Linköping University 
Department of Mathematics
Lars Eldén

September 2020


Sese Matrices and Statistics

Computer assignment

Classification of Handwritten Digits








ASSIGNMENT

Code the algorithm below in MATLAB or R for classification of handwritten digits.

ALGORITHM

  1. Training: For each class 0-9 of training digits, compute the SVD and take the first 10 singular vectors as basis matrix for the class.
  2. Classification: For each digit in the test set, compute its relative residual in all 10 bases. Classify as the one with the smallest relative residual. Check if it was correctly classified. Count and give the percentage of correctly classified digits.
  3. If time permits: make experiments to see if 10 is the optimal number of basis vectors.

DATA

The test data are available at the URL https://users.mai.liu.se/larel04/kurser/. Two sets of files are provided: Those with extension .mat are for Matlab users and those with extension .dat are for R users. When downloading you must write the full address to each file, e.g. https://users.mai.liu.se/larel04/kurser/dzip.dat

  1. dzip.mat and azip.mat: (for R users dzip.dat and azip.dat:) the first is a vector that holds the digits (the number) and the second is an array of dimension 256 x 1707 that holds the training images. The images are vectors of dimension 256, that have been constructed from 16 x 16 images.
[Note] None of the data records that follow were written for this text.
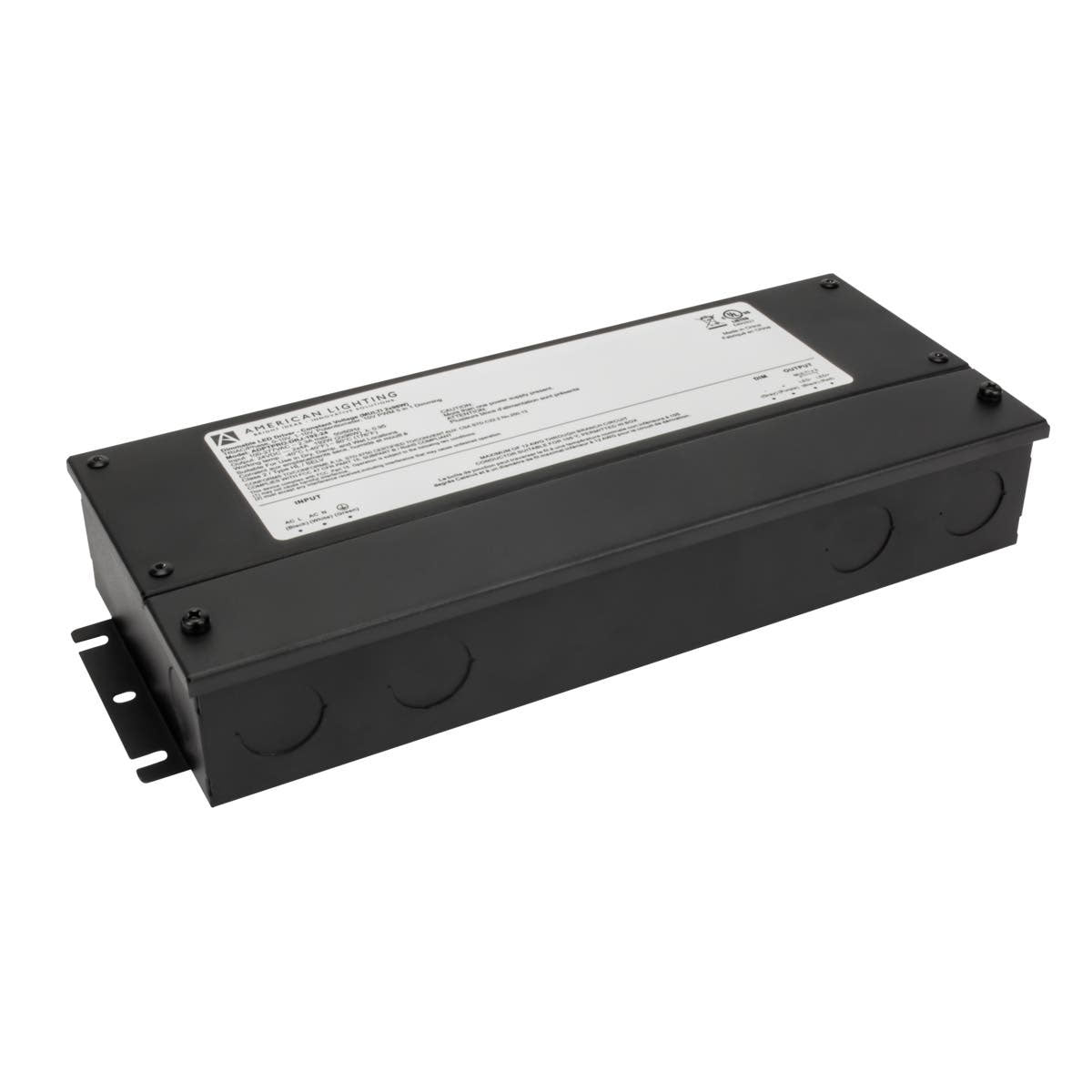 Adaptive 192 Watts, 24VDC LED Driver, ELV, MLV and Triac Dimming, Class 2, 120-277V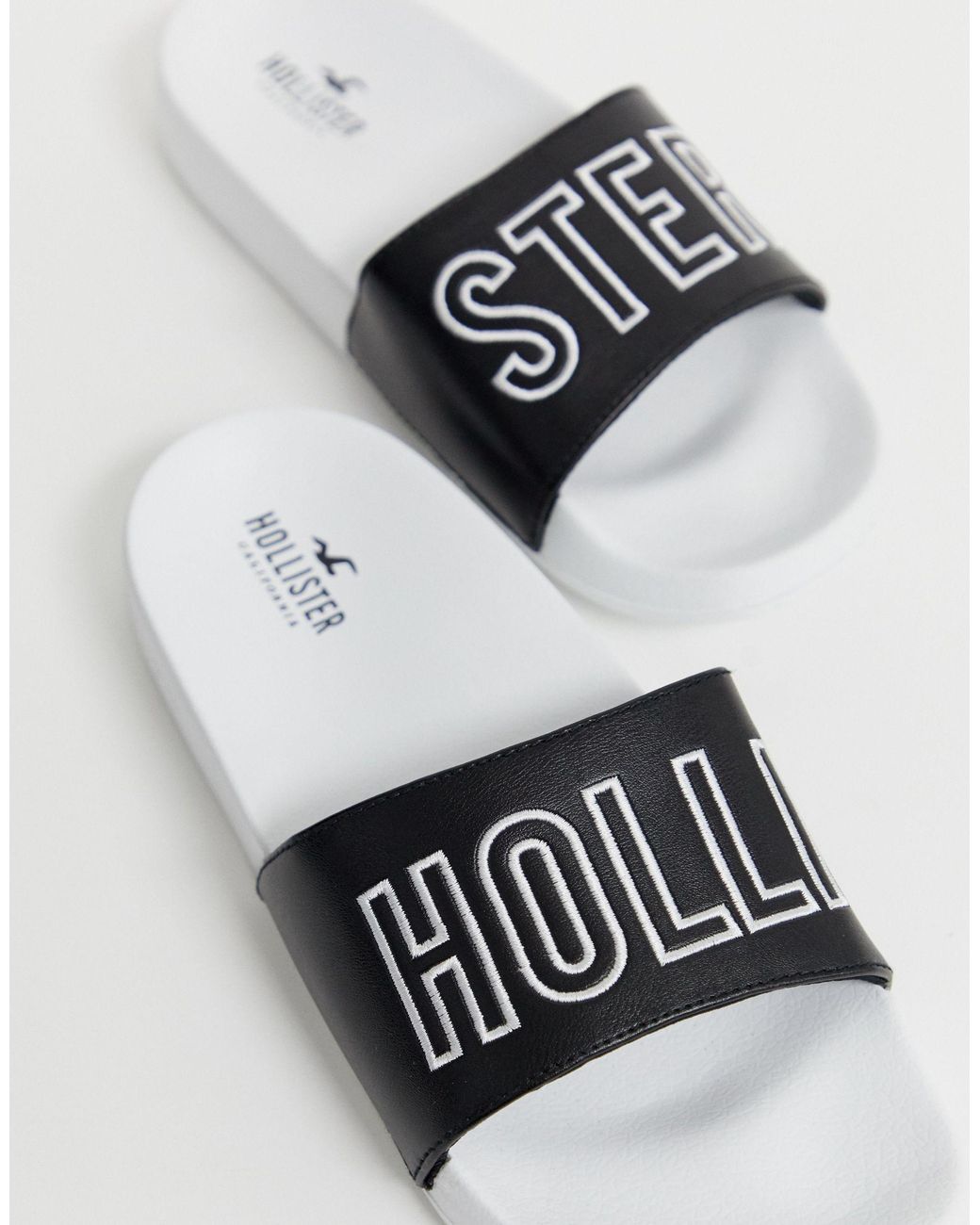 Sandalias con logo Hollister de color Negro | Lyst
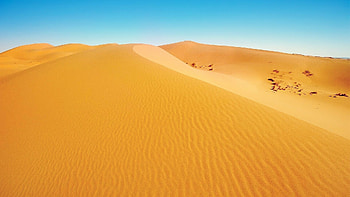 Sand Dunes, Desert heat, Nature's artwork, Serene beauty HD wallpaper
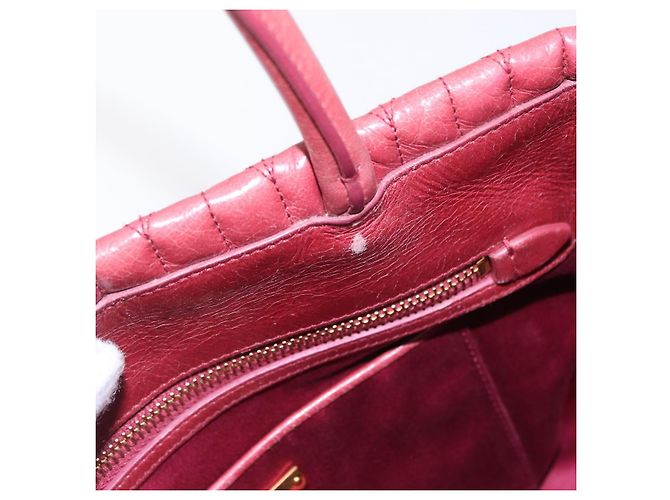 Borsa a mano Miu Miu Matelassé in pelle 2way Rosa Oro Auth 201984A D'oro - vista 29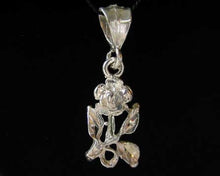 Load image into Gallery viewer, Flora Sterling Silver Rose Flower Charm Pendant 9965A - PremiumBead Primary Image 1
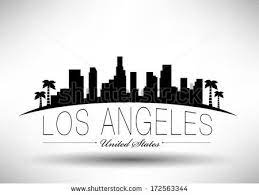 Modern Los Angeles City Skyline Design Skyline Drawing Skyline Tattoo Skyline Design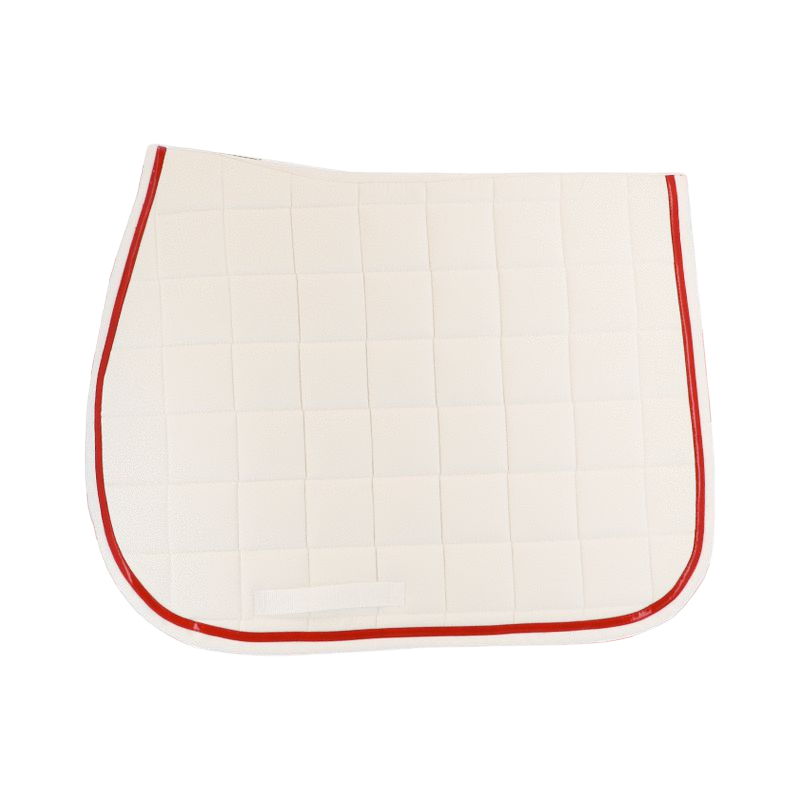 Privilège Equitation - Tapis de selle Daytona blanc/rouge | - Ohlala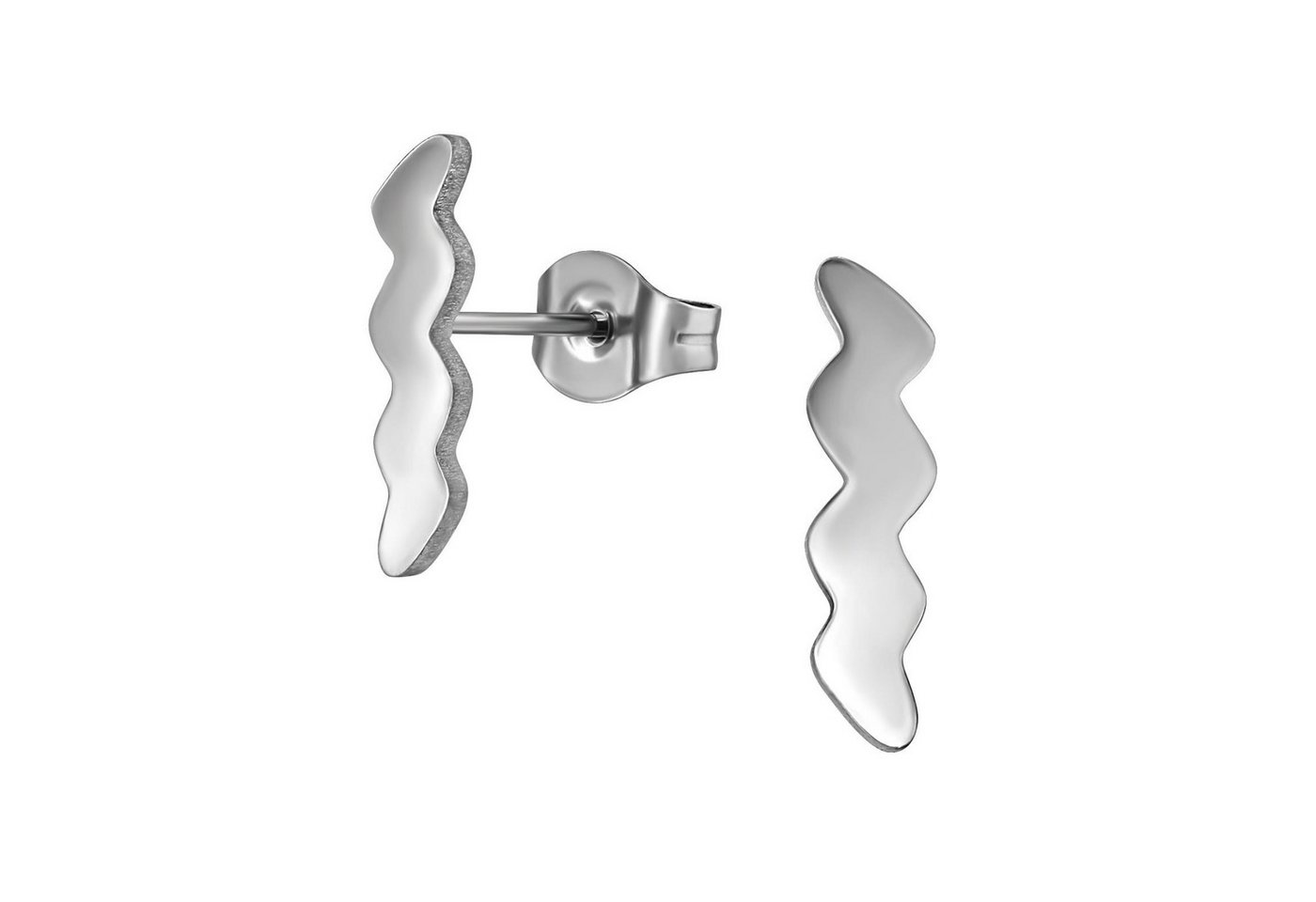 Monkimau Ohrring-Set Welle Kinder Ohrringe Chirurgenstahl Mädchen Geschenk, Hypoallergen von Monkimau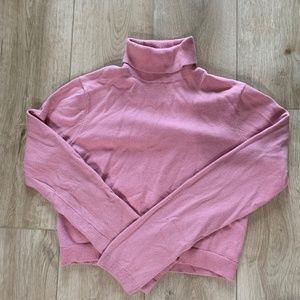 Artizia Pink Cropped Turtleneck 💕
  2. dtest.mat and testzip.mat (for R dtest.dat and testzip.dat) hold the test data.

  3. Matlab: ima2.m takes an image vector as input and displays it.
  4. R: Download the file image-R.txt for instructions on how to display digits.

The data are a subset of the US Postal Service Database, and we downloaded them from the webpage of the book The Elements of Statistical Learning, Hastie, Tibshirani and Friedman (2001). Springer-Verlag.